Pappy & Company sells cigars, clothing, glasses and dishware, and a wide variety of branded products from cutting boards to golf-club covers to coffee and hot sauce and biscuit mix. Greener is responsible for product development and “overall brand vision,” Breen runs day-to-day operations and human resources, and James manages her own design firm while remaining as “team adviser” at Pappy & Company.

Greener says the sisters founded the company seven years ago with a small handful of items that were already closely associated with the distillery. Cigars, for example. “Smoking a cigar was one of Pappy’s favorite pastimes,” she says of her great grandfather. In the years since, they’ve expanded far beyond anything the distillery’s founder could have imagined.

“We like to say we’re a brand inspired by bourbon, heritage and tradition,” Greener says. These days, though, the breadth of products carrying the Pappy & Company label has as much to do with the partner businesses as it does with the products themselves. “We love working with other small businesses, with private companies,” she says. “We naturally kind of fit in that small family business model, businesses that care about making a great product.

“We look,” Greener says, “for people like us.”

A recent sample box of products shared with The Whiskey Wash included, for example, Bourbon Barrel-Aged Old Fashioned Mix branded by Pappy & Company and made by Bittermilk LLC in Charleston, South Carolina. Even for a devoted whiskey drinker who tends to forgo mixed drinks, it was astounding elixir. It’s not cheap, at $19.50 for 8.5 ounces, but you don’t come to Pappy looking for cheap. You come for quality, and the Old Fashioned Mix delivered.

Similarly, a 375ml bottle of Pappy & Company Bourbon Barrel Aged Pure Maple Syrup sells on the company website for $38, quite a bit more than the brands you see on the shelf at your local grocery store. But Mrs. Butterworth’s never tasted like bourbon barrels, either. This version, made in partnership with Bissell Maple Farm in Jefferson, Ohio, is a rich-tasting treat for whiskey drinkers.
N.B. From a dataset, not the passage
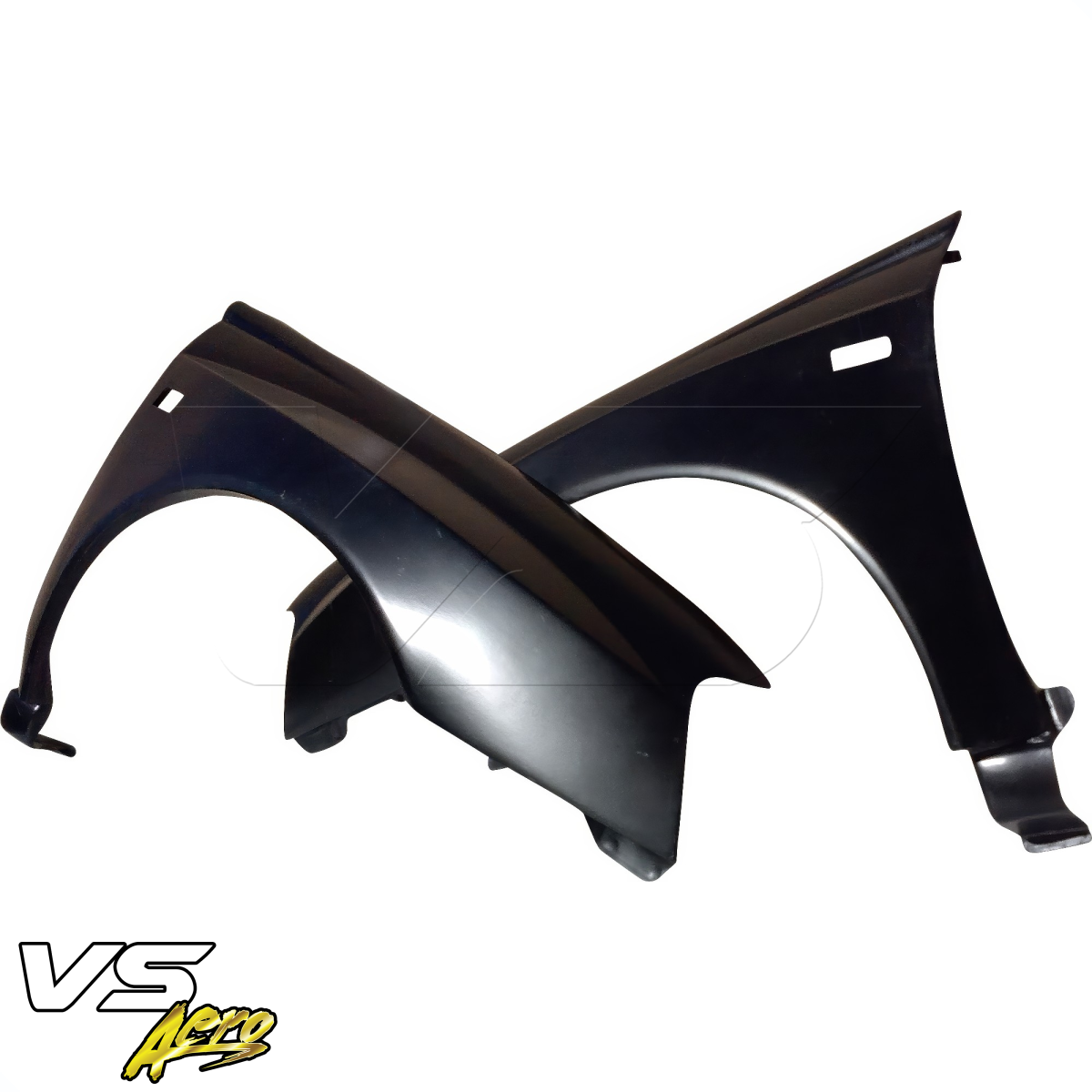 Modify your Subaru Impreza 2004 with our Exterior/Fenders -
Tom Hallman Jr., a Pulitzer-prize winning writer and devoted cigar aficionado in Portland, Ore., happily agreed to smoke the three barrel-fermented Pappy & Company Nicaraguan cigars that arrived among the samples.  (A “Robusto,” a “Toro” and a “Churchill,” for those keeping score at home.) Hallman admitted to wondering whether they would be good, or if they were simply trading on a famous bourbon name. His review after smoking: “Pappy has created a wonderful cigar: Smooth and mild, burns evenly and has a nice aroma. Very pleasant. Very good.”
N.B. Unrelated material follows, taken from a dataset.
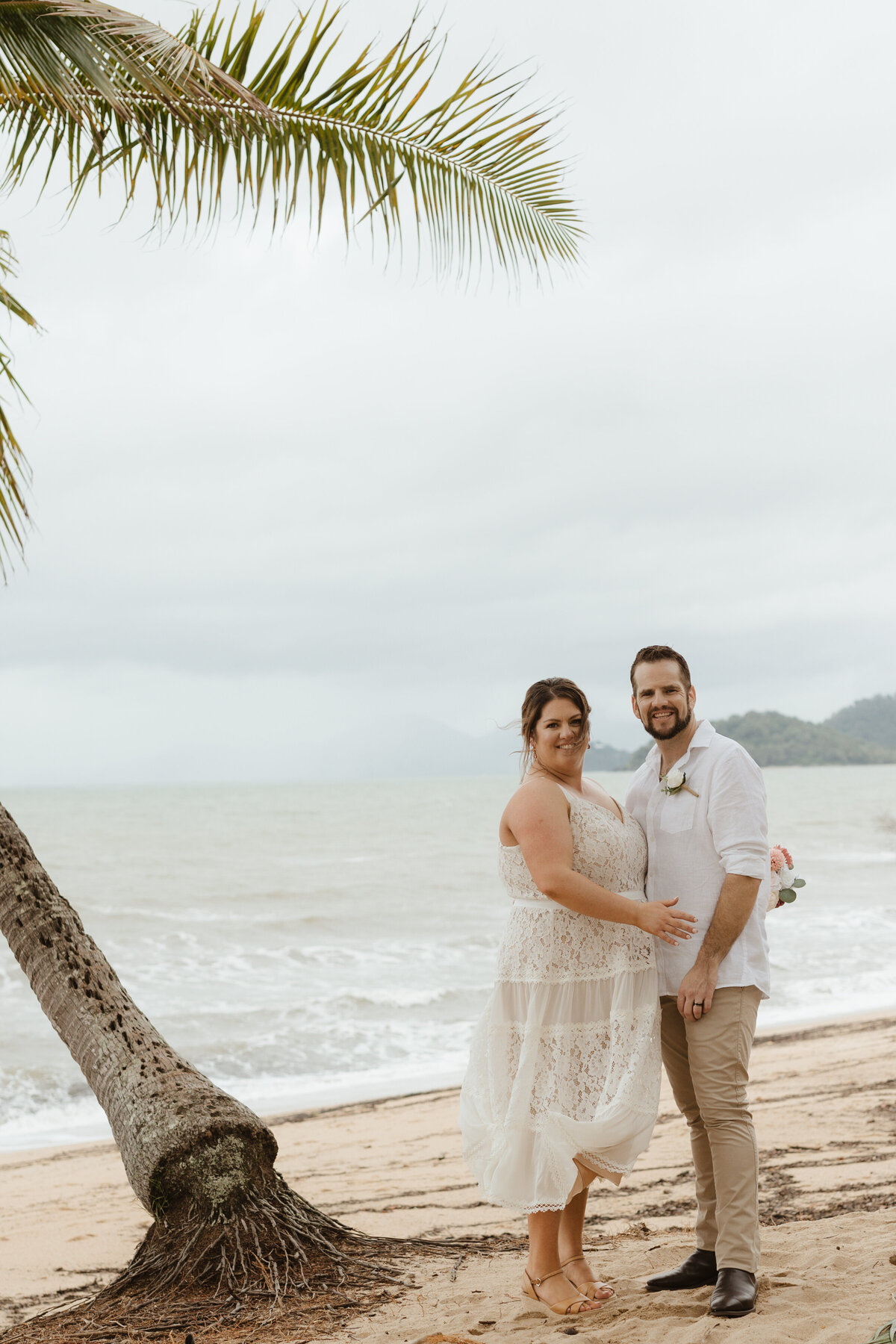 Beach Wedding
All Pappy & Company products should leave that sort of impression on customers, Greener hopes. Sure, theirs is a famous name in whiskey circles. But if the products themselves don’t live up to the name, the whole thing falls apart.

“Seeing what Pappy did and what my dad does, we don’t want to do anything to risk that,” she says. “In a world that’s so made up of fake stories, there are still honest, true, real brands out there. We want to be one of them.”